# Need for Speed Underground 2



## tekniq (Dec 18, 2004)

Hello, I'm new here. I was wondering if anyone knows the directory/file that the profiles in this game are saved in? I have 2 user accounts on my computer and I want to play my more advanced profile in my other user account.


----------



## Ryanb000 (Dec 1, 2003)

can you find that file in the user account that you normally use it in? if so, when you are on the 1st account, find that file and put it in shared documents. Then when you get to the account that you want to get the profile in, go to my computer, then shared documents. get it?


----------



## tekniq (Dec 18, 2004)

Ya, what's the file name tho?


----------



## hornetsjet (Sep 13, 2001)

i don't know, why my pc cannot start the game? when i click to play, the error says that speed2.exe has encountered a problem and needs to close. We are sorry for the inconvenience. I think the game requires directX 9.0c but mine is 9.0b anc i can't upgrade it to 9.0c.


----------



## haplo210 (Nov 23, 2004)

how cant you upgrade to 9c?


----------



## hornetsjet (Sep 13, 2001)

actually it can, but when istallation completed. I opened dxdiag to check, it was shown 9.0b not 9.0c....


----------



## beanmaster1 (Nov 4, 2004)

What's ur video card? And is it pirated? I'm in Malaysia too, that's why I'm asking.


----------



## hornetsjet (Sep 13, 2001)

video card also got pirated? i don't know about this....


----------



## Skivvywaver (Mar 18, 2001)

tekniq said:


> Hello, I'm new here.

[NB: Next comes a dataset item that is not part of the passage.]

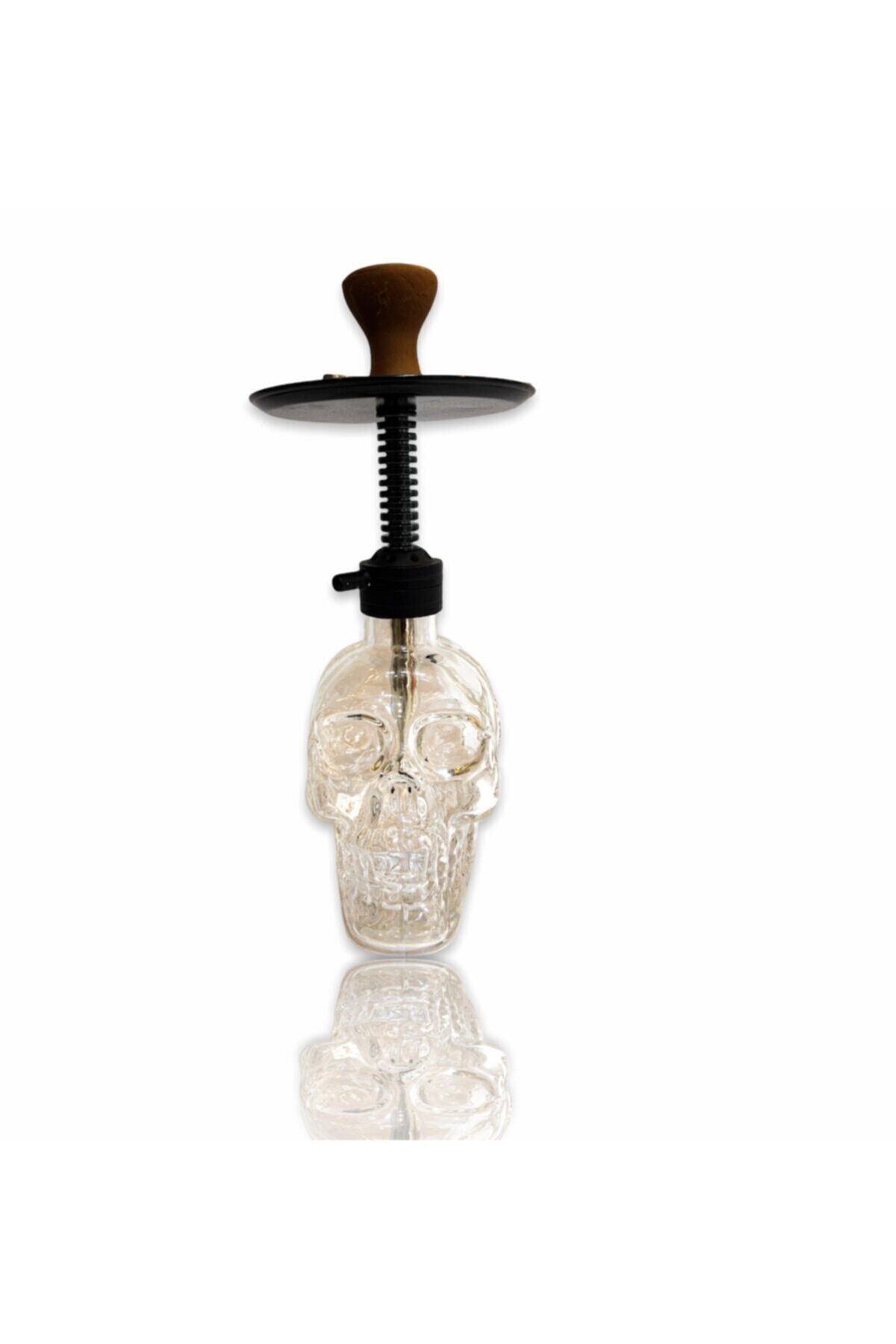 NARGİLEM Kuru Kafa Ortaboy Yaylı Nargile Takımı-50 Cm-siyah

I was wondering if anyone knows the directory/file that the profiles in this game are saved in? I have 2 user accounts on my computer and I want to play my more advanced profile in my other user account.


C:\Documents and Settings\<username>\Local Settings\Application Data\NFS Underground 2\


----------



## beanmaster1 (Nov 4, 2004)

Sorry, I meant the cd. Try your cd on another computer.


----------